Dataset records.
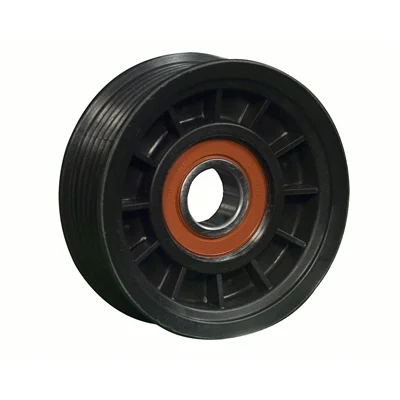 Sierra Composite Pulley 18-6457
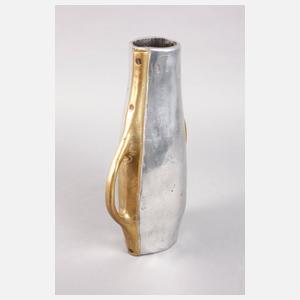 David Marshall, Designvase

* * *

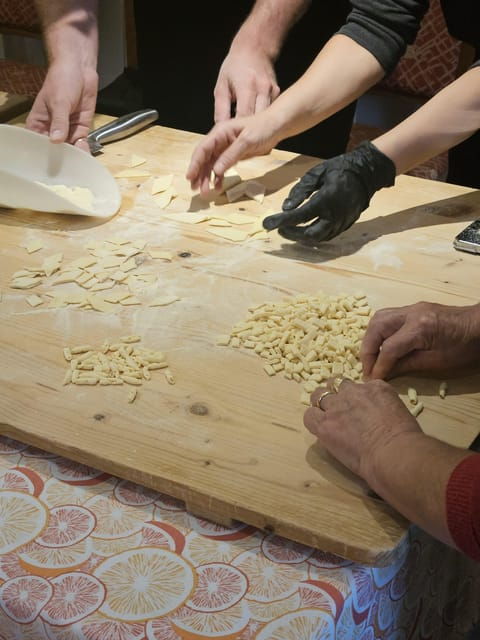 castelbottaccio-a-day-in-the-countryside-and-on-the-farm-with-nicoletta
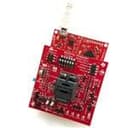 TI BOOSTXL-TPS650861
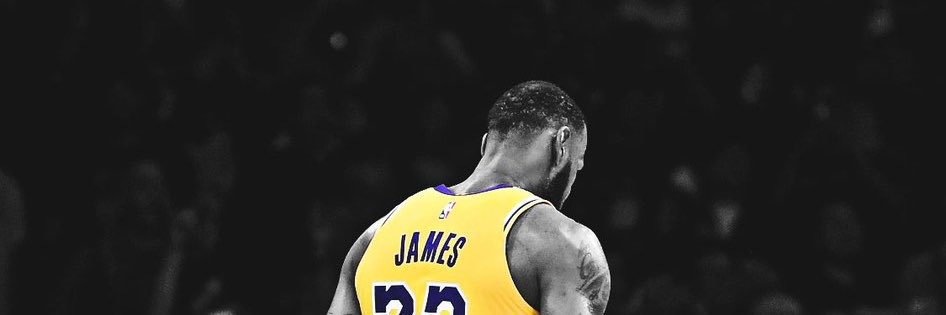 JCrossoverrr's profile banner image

* * *

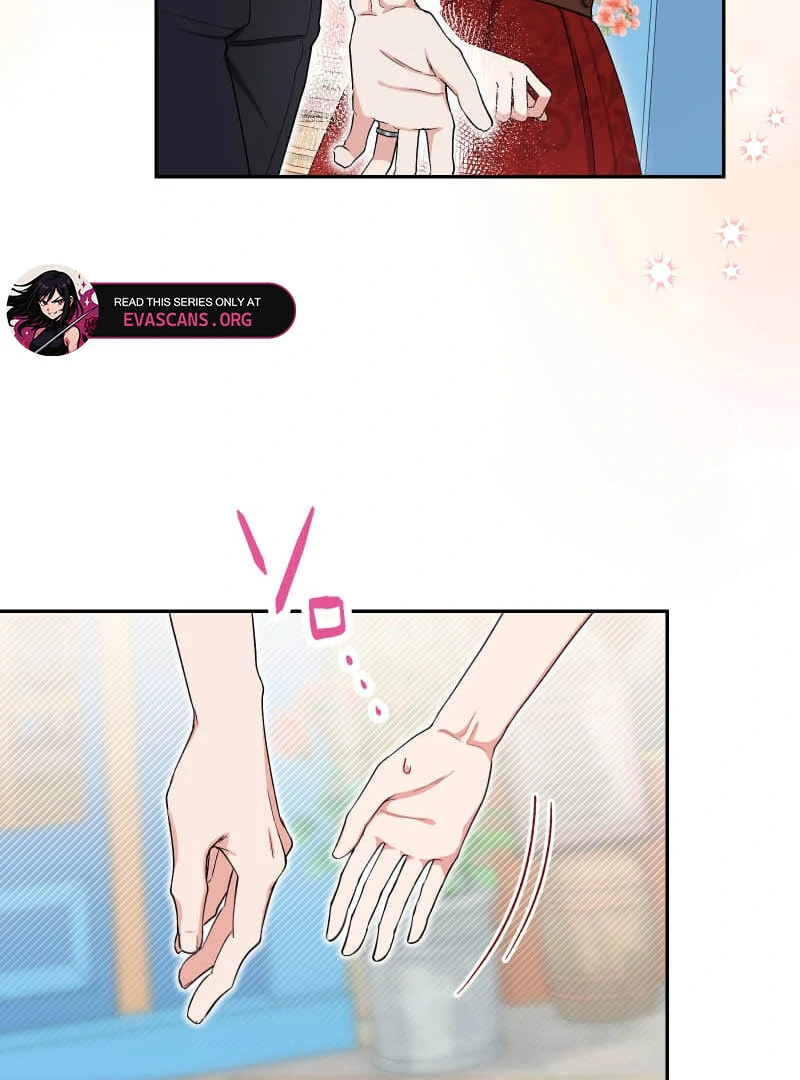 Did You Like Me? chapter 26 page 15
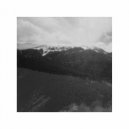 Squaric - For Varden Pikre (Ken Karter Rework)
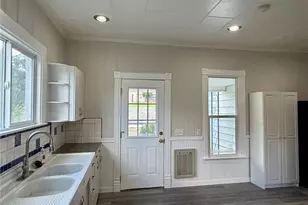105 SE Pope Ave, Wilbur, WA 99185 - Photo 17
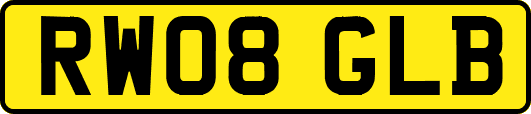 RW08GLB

Task to complete. Beginning with the line that contains "Sierra Composite Pulley 18-6457" and ending with the line that contains "David Marshall, Designvase", reproduce the listing exactly, pictures excluded.

Task answer.
 Sierra Composite Pulley 18-6457
 David Marshall, Designvase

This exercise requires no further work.